WORK REQUEST>
In the entries below, begin at the line that has "MOVING SALE: juicer, View more", stop after the line that has "Các nhà khoa", and output those lines exactly with no pictures.

RECORDS SUPPLIED>
----
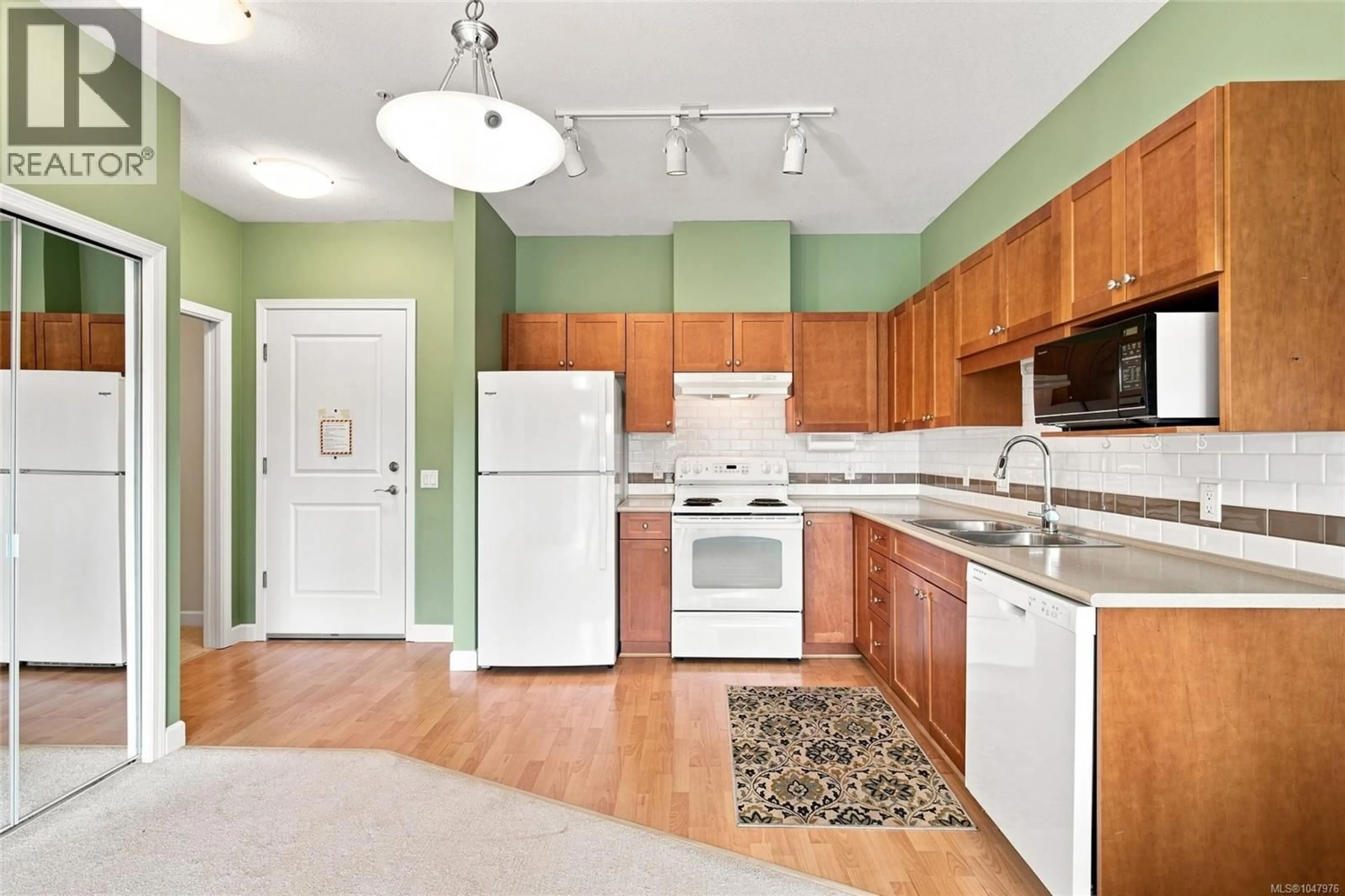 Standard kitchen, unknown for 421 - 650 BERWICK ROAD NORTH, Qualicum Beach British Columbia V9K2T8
----
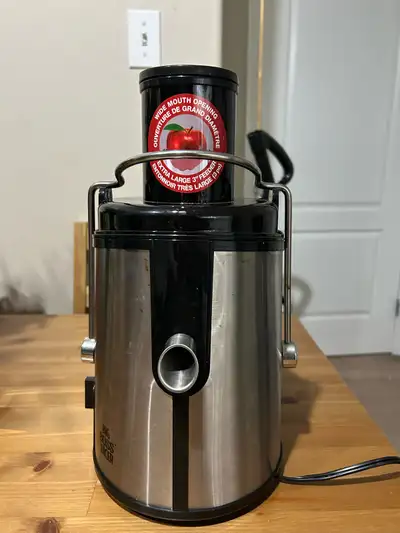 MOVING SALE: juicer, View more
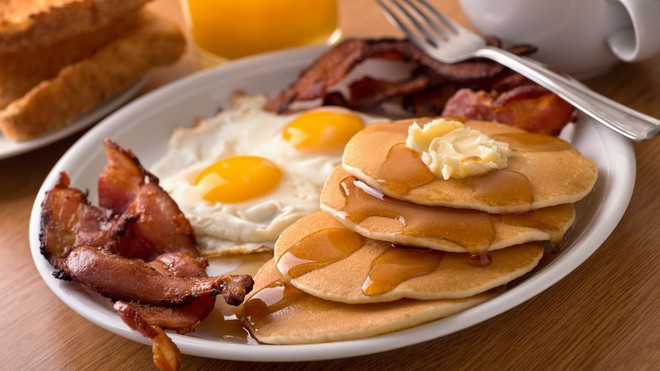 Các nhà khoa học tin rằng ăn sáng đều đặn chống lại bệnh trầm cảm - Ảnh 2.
----
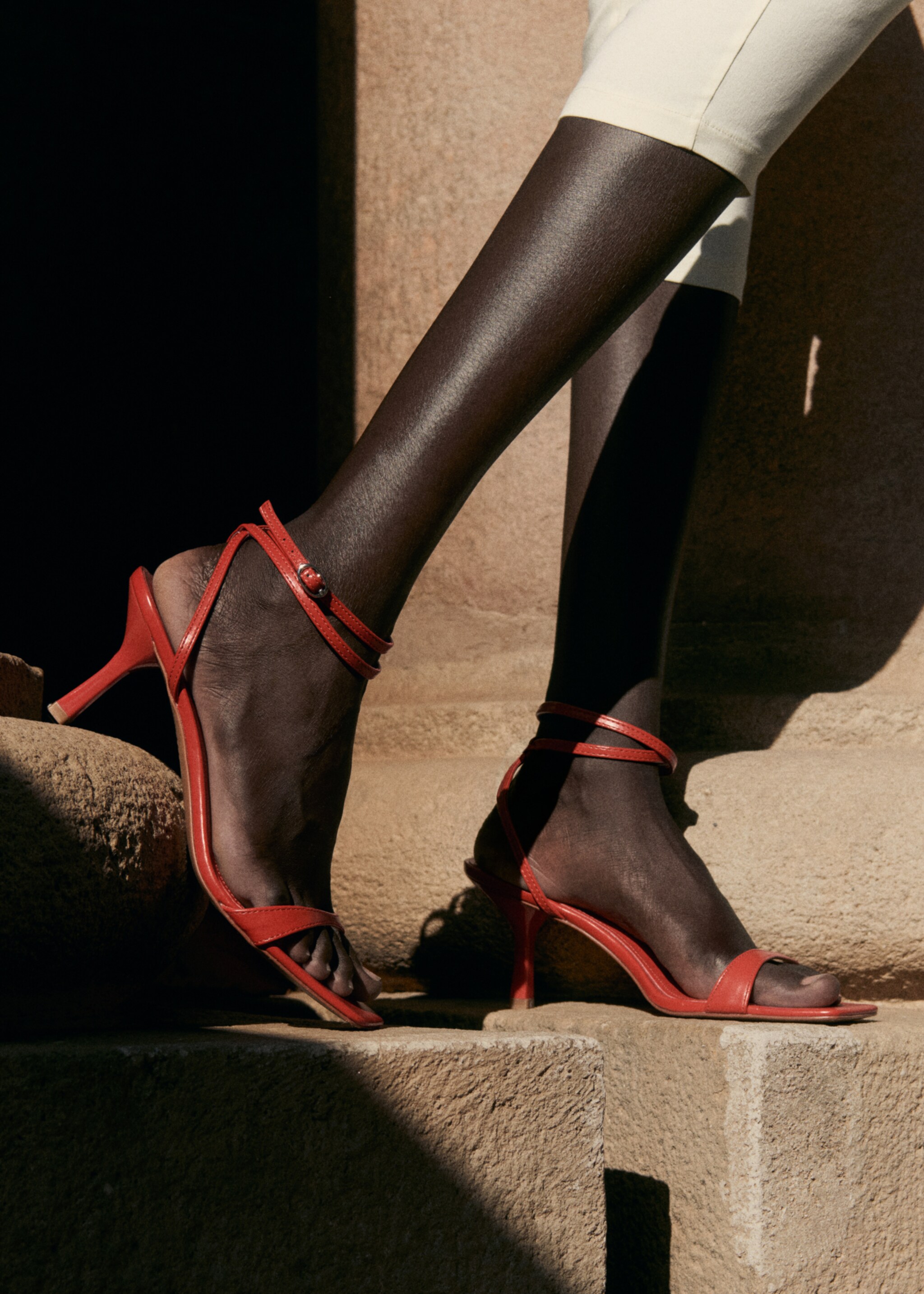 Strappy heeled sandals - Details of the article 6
----
TASK OUTPUT>
 MOVING SALE: juicer, View more
 Các nhà khoa học tin rằng ăn sáng đều đặn chống lại bệnh trầm cảm - Ảnh 2.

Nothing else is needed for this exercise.